PROVIDED DATA:
┄┄┄┄┄┄
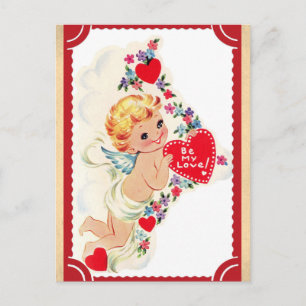 Süßer Vintage-Cupid Valentinstag Postkarte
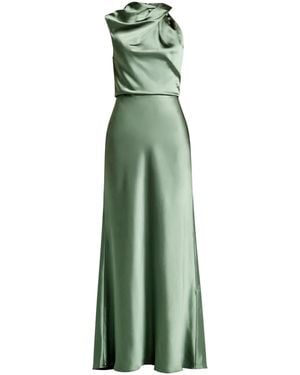 Amsale Satin Draped-Neck Maxi Dress - Green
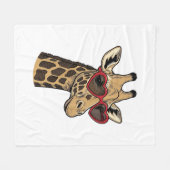 Retro gegraveerde giraffe hart zonnebril ontwerp_1 fleece deken (Voorkant (Horizontaal))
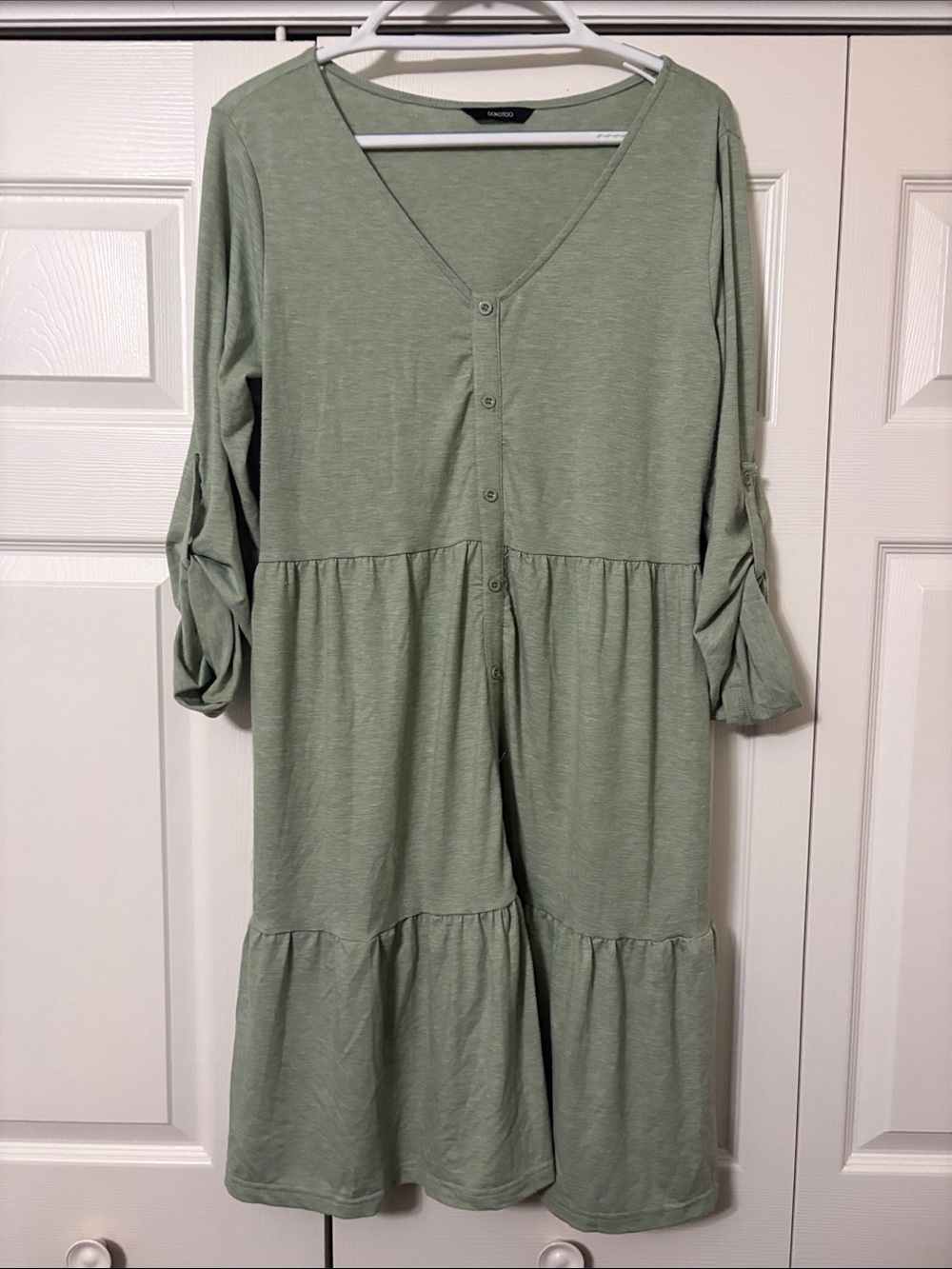 Sage Button-Front Tiered Dress - Relaxed V-Neck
┄┄┄┄┄┄
WORK REQUIRED: Would you copy out the material above exactly, without the pictures in it?

YOUR SOLUTION:
 Süßer Vintage-Cupid Valentinstag Postkarte
 Amsale Satin Draped-Neck Maxi Dress - Green
 Retro gegraveerde giraffe hart zonnebril ontwerp_1 fleece deken (Voorkant (Horizontaal))
 Sage Button-Front Tiered Dress - Relaxed V-Neck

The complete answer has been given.